Would you set down the data that follows, word for word, without any pictures?

> _Data excerpt_
● ● ● ● ● ● ●

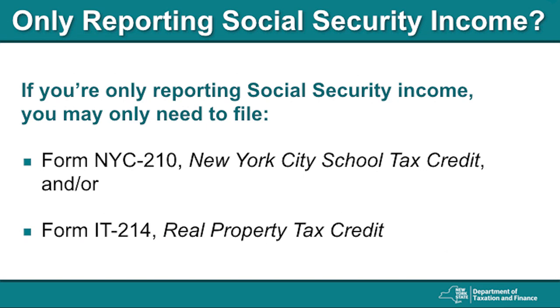If all of your income for the year came from Social Security, you may not even need to file a full New York State tax return. You might only need to file Form NYC-210, New York City School Tax Credit, or Form IT-214, Real Property Tax Credit. You may need to file both. For more information regarding individual filing requirements, go to the tax department's website and search "Do I need to file an income tax return?"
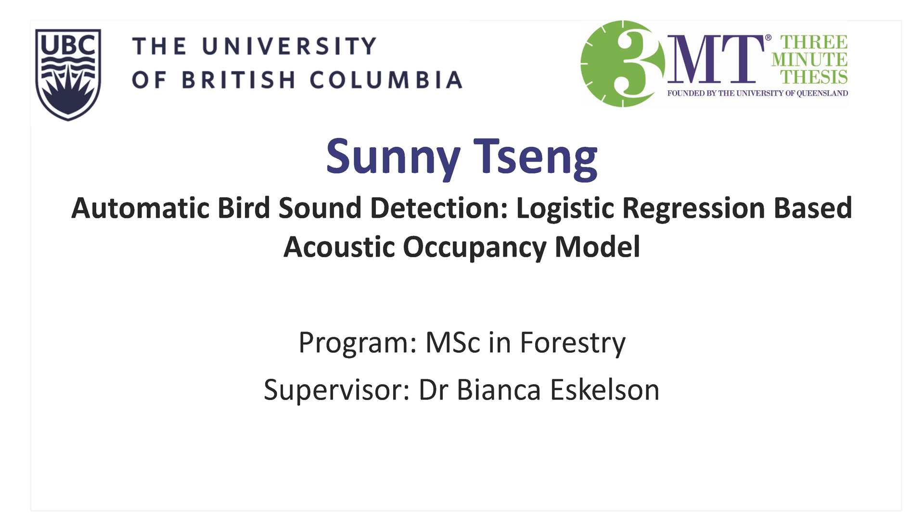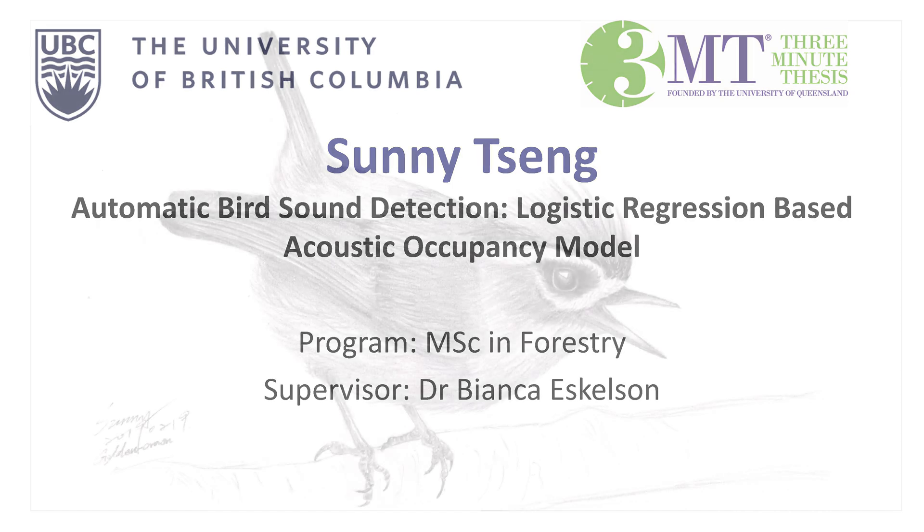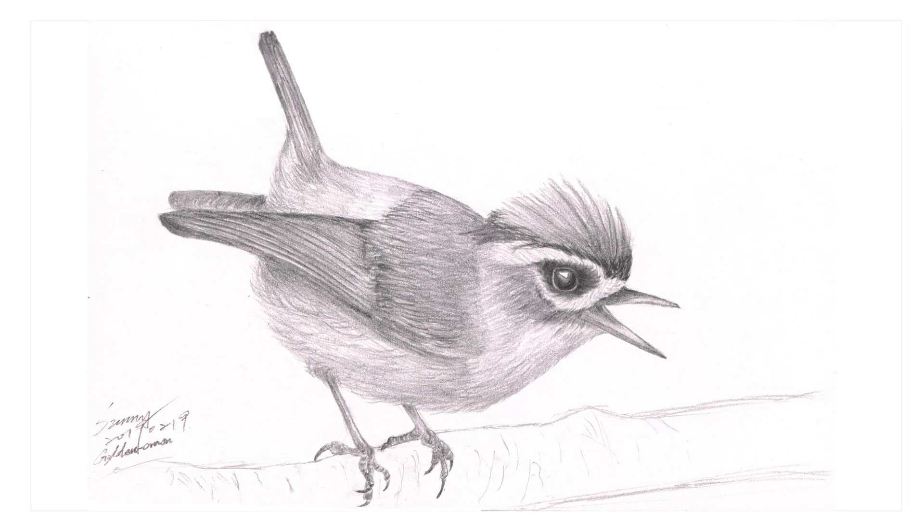Imagine that we are walking in a forest trying to find a bird. Do you see the bird? Or do you hear the bird? According to the Cornell Lab of Ornithology, most of the birds in the field are heard rather than seen.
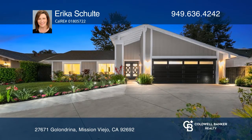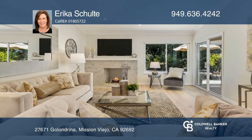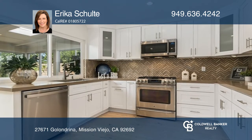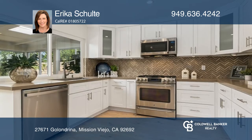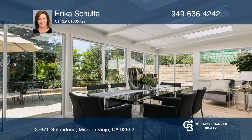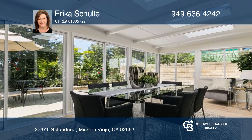This remodeled Mission Viejo home boasts soaring ceilings, recessed LEDs, and abundant natural light. Luxury flooring and warm neutral finishes give a fresh, clean feel. The gourmet kitchen offers shaker cabinetry, stainless steel appliances, and an oversized sink.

● ● ● ● ● ● ●

> _Solution_
If all of your income for the year came from Social Security, you may not even need to file a full New York State tax return. You might only need to file Form NYC-210, New York City School Tax Credit, or Form IT-214, Real Property Tax Credit. You may need to file both. For more information regarding individual filing requirements, go to the tax department's website and search "Do I need to file an income tax return?"
Imagine that we are walking in a forest trying to find a bird. Do you see the bird? Or do you hear the bird? According to the Cornell Lab of Ornithology, most of the birds in the field are heard rather than seen.
This remodeled Mission Viejo home boasts soaring ceilings, recessed LEDs, and abundant natural light. Luxury flooring and warm neutral finishes give a fresh, clean feel. The gourmet kitchen offers shaker cabinetry, stainless steel appliances, and an oversized sink.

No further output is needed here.